Lowell seems to have taken his exile philosophically. The fact that he would not be able to read the class poem he had been chosen to give did not prevent him from writing it, and the isolation of his life gave him plenty of time for working at it. The mild discipline of “rustication” included, as the record shows, the requisite amount of study, and Concord, to which he was sent for a couple of months of study and reflection, was only fifteen miles from Cambridge. The Rev. Barzillai Frost, to whose oversight he was committed and with whom he lodged, was a young man, recently graduated from the Harvard Divinity School, and Mrs. Frost endeared herself to the young culprit by her affectionate care. In a speech which Lowell made at Concord, on the celebration of the 250th anniversary of the founding of the town, he introduced this slight reminiscence of his work with Mr. Frost:—
“In rising to-day I could not help being reminded of one of my adventures with my excellent tutor when I was in Concord. I was obliged to read with him ‘Locke on the Human Understanding.’ My tutor was a great admirer of Locke, and thought he was the greatest Englishman that ever lived, and nothing pleased him more, consequently, than now and then to cross swords with Locke in argument. I was not slow, you may imagine, to encourage him in this laudable enterprise. Whenever a question arose between my tutor and Locke, I always took Locke’s side. I remember on one occasion, although I cannot now recall the exact passage in Locke,—it was something about continuity of ideas,—my excellent tutor told me that in that case Locke was quite mistaken in his views. My tutor said: ‘For instance, Locke says that the mind is never without an idea; now I am conscious frequently that my mind is without any idea at all.’ And I must confess that that anecdote came vividly to my mind when I got up on what Judge Hoar has justly characterized as the most important part of an orator’s person.”

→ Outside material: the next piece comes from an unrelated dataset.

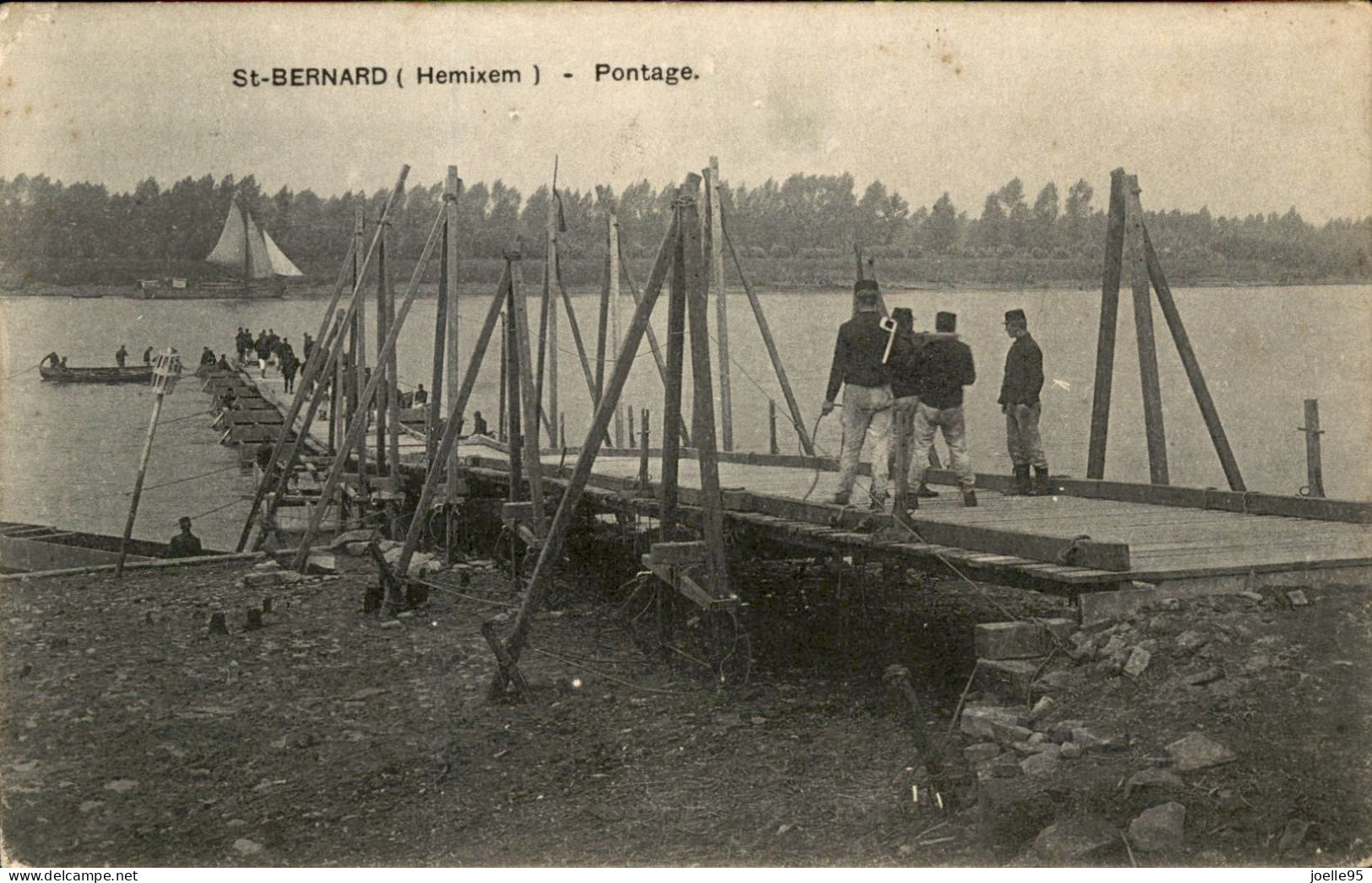 België - Belgium - Belgien - Hemixem Hemiksem - - Andere & Zonder Classificatie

Lowell knew something of Emerson when he went to Concord. His letters show him before that time going to hear him lecture in Boston, and years afterward he recalled with fervor the impression made upon him by Emerson’s address before the Φ Β Κ in Lowell’s junior year. It “was an event,” he says, “without any former parallel in our literary annals, a scene to be always treasured in the memory for its picturesqueness and its inspiration. What crowded and breathless aisles, what windows clustering with eager heads, what enthusiasm of approval, what grim silence of foregone dissent! It was our Yankee version of a lecture by Abelard, our Harvard parallel to the last public appearance of Schelling.”[20] But in 1838 Emerson had published little, his fame resting mainly on his public lectures and addresses. In the address at Concord, quoted above, Lowell records a memory of the personal relations which he then established with the elder poet:—
“I am not an adopted son of Concord. I cannot call myself that. But I can say, perhaps, that under the old fashion which still existed when I was young, I was ‘bound out’ to Concord for a period of time; and I must say that she treated me very kindly. I then for the first time made the acquaintance of Mr. Emerson, and I still recall with a kind of pathos, as Dante did that of his old teacher, Brunetto Latini, ‘La cara e buona imagine paterna,’ ‘The dear and good paternal image,’ which he showed me here; and I can also finish the quotation and say, ‘And shows me how man makes himself eternal.’ I remember he was so kind to me—I, rather a flighty and exceedingly youthful boy, as to take me with him on some of his walks, particularly a walk to the cliffs, which I shall never forget.”